Filled with great songs of the classic rock era – which has no doubt led it be being one of the last decade’s most popular musicals – the film makes you want to dance around and sing for the whole duration of the film. Although the music in the film is great, credit has to be given for the themes, of which several run through the film, with a sweet young love story evolving whilst the upside and downside of fame counterbalance each other in the background. Another theme that the film touches on is the clear mockery of the right wing with their wholesome image hiding a few dirty secrets.
The way the film has been shot also has to be given some credit, as director Adam Shankman has given it the look and feel of a 80s movie so that it looks as though it was shot in that era too. But what really brings this film to life are the actors, who are all brilliantly cast and really make you believe they are their characters.
Russell Brand (Lonny Barnett), who probably didn’t need to work hard to play his part, has some brilliant one-liners and some of the funniest moments in the film. A particular highlight is his rendition of ‘I Want to Know What Love Is’ with Alec Baldwin (Dennis Dupree), who also had his share of brilliant one liners. The pairing of these two works an awful lot better than I previously thought it would.
Mary J Blige as Justice Charlier steals the show in terms of vocal performance, nailing every song she sings. Her acting isn’t bad either. Sadly Catherine Zeta Jones isn’t on screen long enough, but for the moments she is, her hilariously deranged and psychotic portrayal of Patricia Whitmore had me in stiches and it’s great to see her doing a movie musical again, almost 10 years after Chicago.

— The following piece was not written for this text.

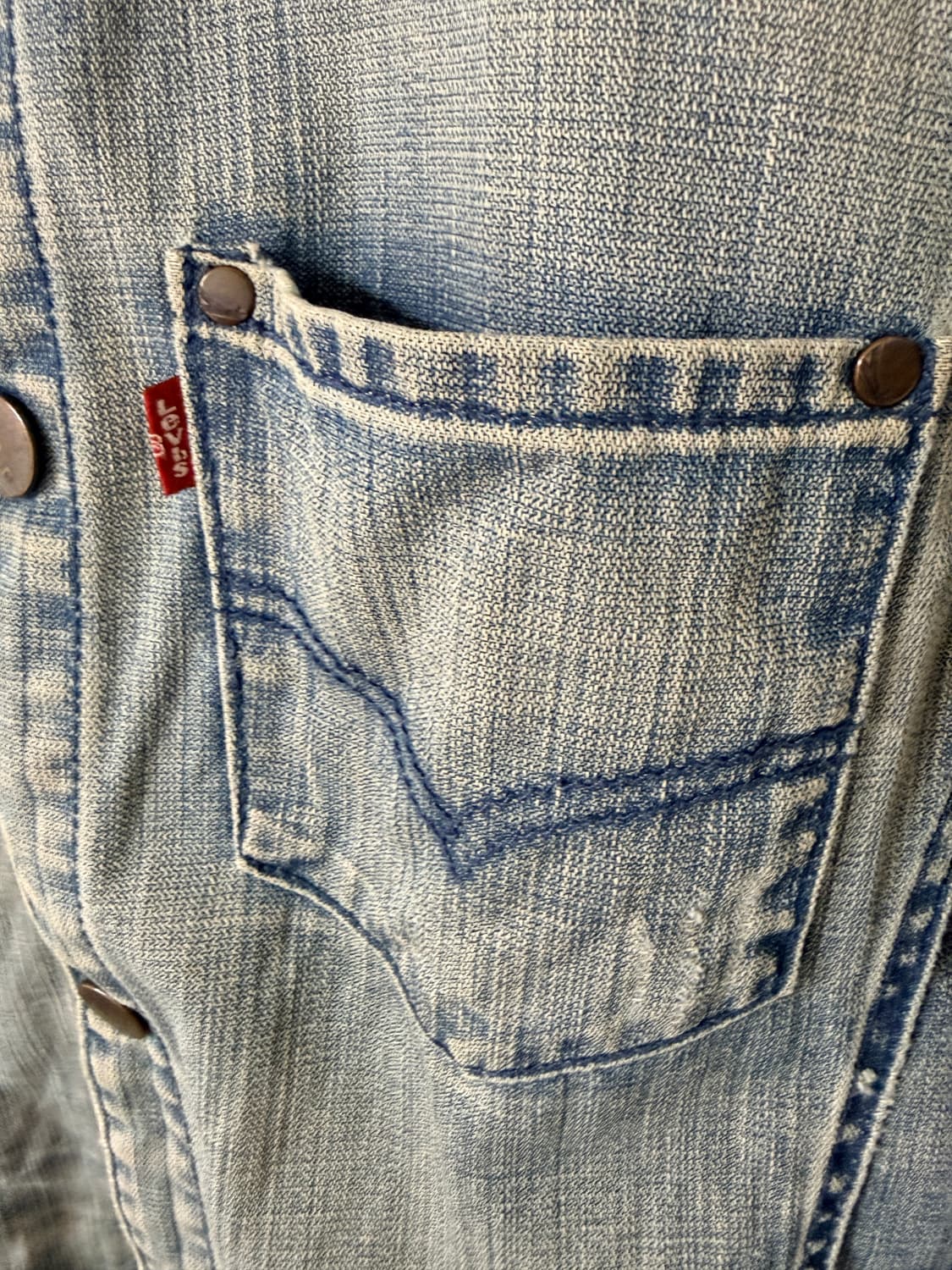 리바이스 엔지니어드 데님 자켓 상품이미지3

Julianne Hough and Diego Boneta give good performances as Sherrie and Drew, but sadly get upstaged by the supporting characters. At first I didn’t think their voices were rock enough for the film, but as it progressed I warmed to them and they shone during their final performance.
I had a similar feeling towards Tom Cruise as Stacee Jaxx, who I don’t think has a particularly good voice and isn’t particularly convincing as a man who is supposed to ooze such sex appeal. However, as the film progresses and we get to see further into his character, you begin to warm to him and overall he is pretty good, considering he’s never properly sung on film before (Magnolia doesn’t really count).
A special mention has to be given to the endless pop culture references to 80s films and notable rock moments, the most memorable being Ozzy Osbourne’s bat biting.
Overall Verdict: Despite not doing particularly well at the box office, Rock Of Ages is great fun and will have you dancing around singing 80s rock ballads for hours afterwards. If you liked the stage show, musicals or the 80s, then buy this and watch it, you won’t be disappointed.